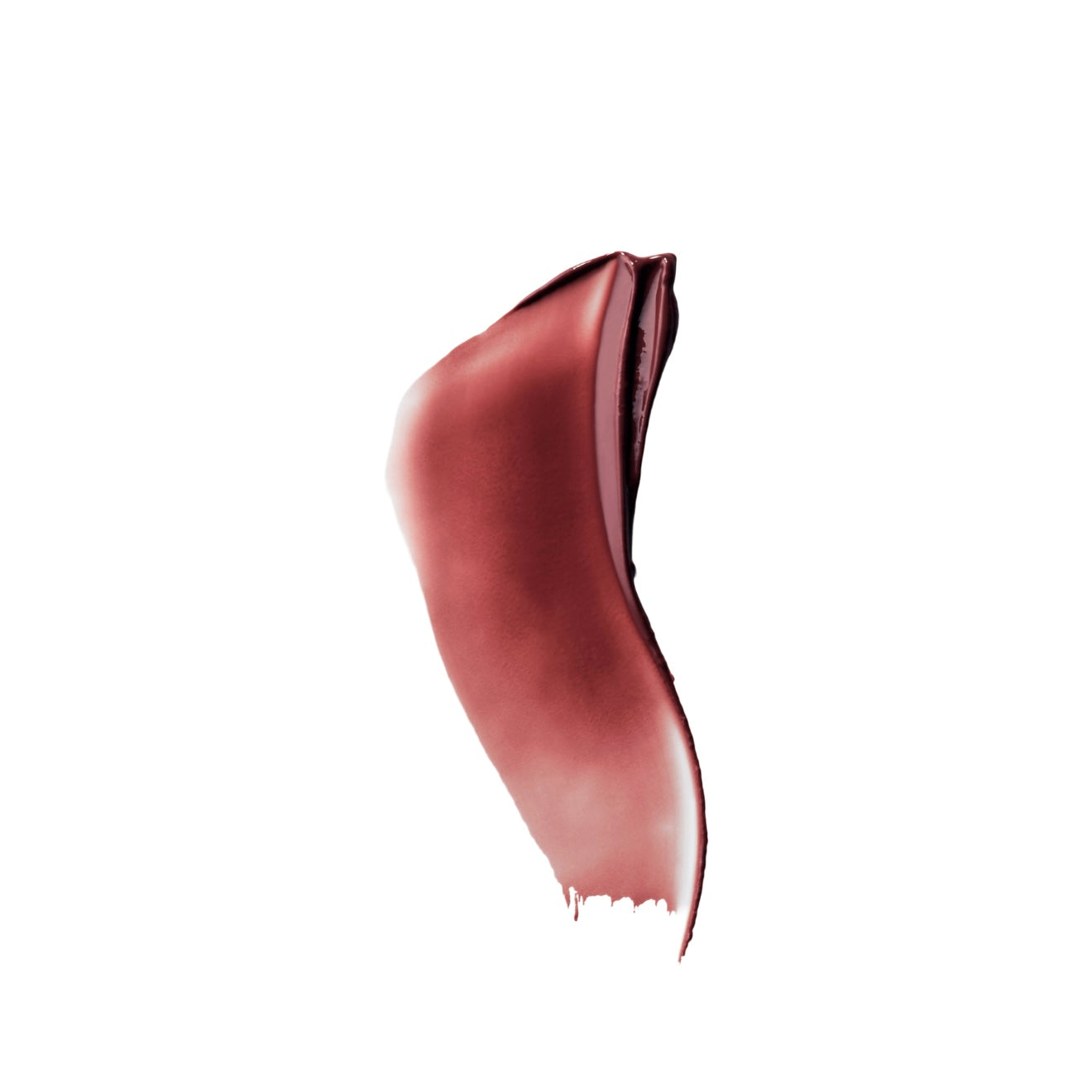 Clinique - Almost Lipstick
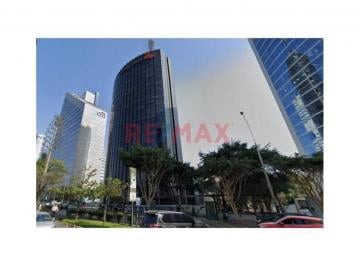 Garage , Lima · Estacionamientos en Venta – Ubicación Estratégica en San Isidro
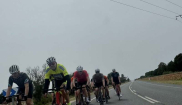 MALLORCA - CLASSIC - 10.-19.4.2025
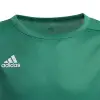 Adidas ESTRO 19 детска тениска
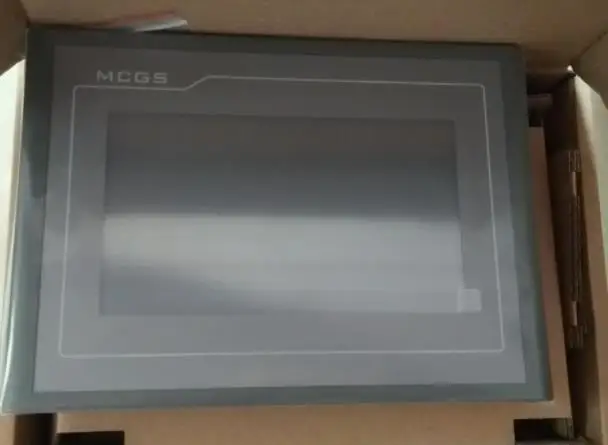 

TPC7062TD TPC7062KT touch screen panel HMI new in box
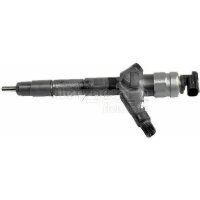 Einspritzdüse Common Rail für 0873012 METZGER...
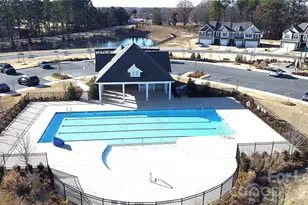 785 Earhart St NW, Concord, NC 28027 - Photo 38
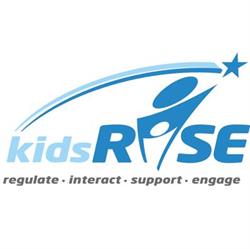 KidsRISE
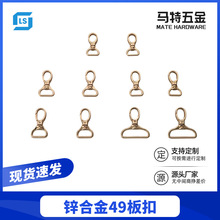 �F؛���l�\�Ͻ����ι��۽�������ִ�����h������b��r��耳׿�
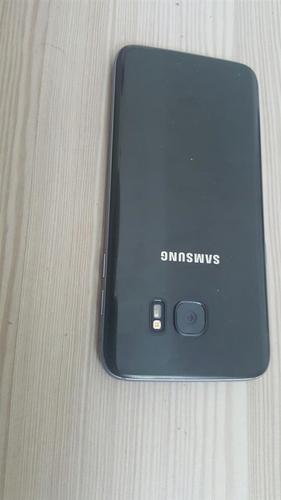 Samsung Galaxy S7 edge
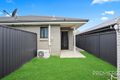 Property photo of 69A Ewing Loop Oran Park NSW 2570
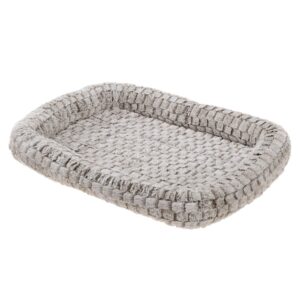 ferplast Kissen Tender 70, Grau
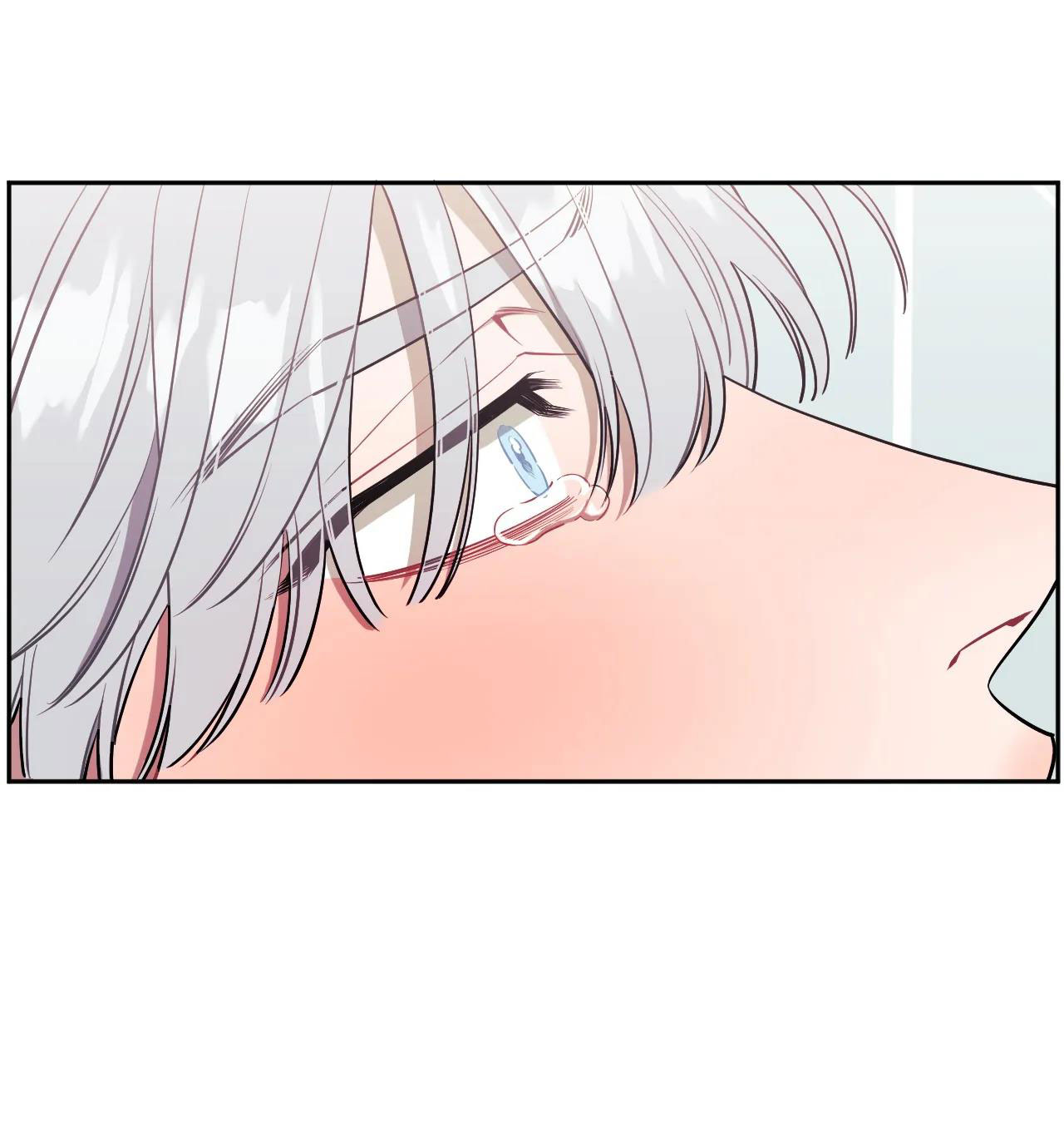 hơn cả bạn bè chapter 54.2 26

________________

WHAT THIS TASK INVOLVES » Restate word for word, please, the line containing "Garage , Lima" and all lines after it through the end of the material; the pictures do not belong in the copy.

RESPONSE TO THIS EXERCISE »
 Garage , Lima · Estacionamientos en Venta – Ubicación Estratégica en San Isidro
 MALLORCA - CLASSIC - 10.-19.4.2025
 Adidas ESTRO 19 детска тениска

TPC7062TD TPC7062KT touch screen panel HMI new in box
 Einspritzdüse Common Rail für 0873012 METZGER...
 785 Earhart St NW, Concord, NC 28027 - Photo 38
 KidsRISE
 �F؛���l�\�Ͻ����ι��۽�������ִ�����h������b��r��耳׿�
 Samsung Galaxy S7 edge
 Property photo of 69A Ewing Loop Oran Park NSW 2570
 ferplast Kissen Tender 70, Grau
 hơn cả bạn bè chapter 54.2 26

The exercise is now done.